ASSE : Loïs Diony, muet malgré lui

A la recherche de son premier but depuis son arrivée à l’ASSE au mercato, Loïs Diony, acheté 7,3 M€ à Dijon, tarde toujours à justifier son transfert. Mais est-ce uniquement sa faute ? 

Dans le quotidien Ouest-France, avant le match contre Nantes (1-1) dimanche dernier, le recruteur de Chelsea Guy Hillion, qui avait faire venir Loïs Diony aux Girondins de Bordeaux puis au FCN, a reproché à l’ASSE la mauvaise intégration de son ancien protégé. « Loïs traîne son spleen dans un collectif à la dérive, a en effet soutenu Hillion. J’ai assisté au dernier match des Verts à Bordeaux. Loïs a été intelligent dans les déplacements mais on ne lui a pas souvent donné le ballon au moment où il le fallait. Il a un cœur énorme, un gros volume de jeu mais c’est un gamin qui fonctionne beaucoup à la confiance.
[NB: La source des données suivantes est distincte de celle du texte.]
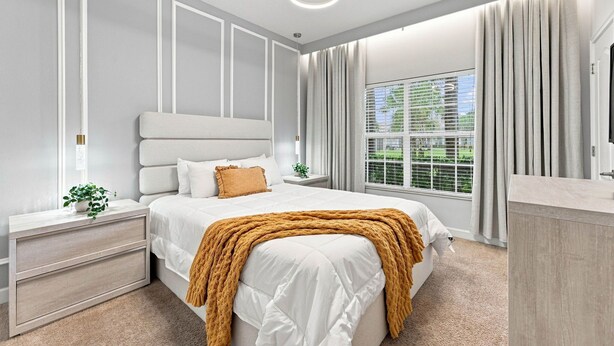 A modern bedroom with a bed, bedside tables, a nightstand, a large window with curtains, and a ceiling light. - Mickey & Mario Luxury Retreat, private pool (Kissimmee)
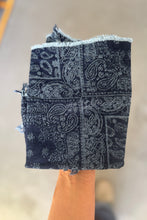 Load image into Gallery viewer, Black and white patterned bandana held by a hand against a blurred background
Pour qu’il soit bon, son entourage doit être bon. La meilleure façon de mettre un attaquant en confiance, c’est de lui permettre de marquer des buts en début de saison. Il s’est créé trois pénaltys depuis le début de saison et n’en a pas tiré un seul… Ils ont été à côté de la plaque à Saint-Etienne. S’il avait mis ces trois pénaltys, il ne serait pas dans la galère. C’est un gamin qui a du talent mais, actuellement, il est à la rue moralement. » Des propos corroborés par Pierre Aristouy, actuel coach de la réserve nantaise, qui avait relancé le n°9 des Verts à Mont-de-Marsan. “Loïs encore plus que les autres, il marche à l’affect. Il faut qu’il sente une vraie volonté de lui faire confiance, de mettre en place des choses pour lui. Je n’ai pas de conseil à donner mais j’ai du mal à comprendre ce qui se passe avec lui à Saint-Etienne. Il est là-bas depuis six mois, on voit qu’il n’est toujours pas bien. S’il est bien, c’est 15 buts dans l’année. Je ne comprends pas trop pourquoi on en est encore là…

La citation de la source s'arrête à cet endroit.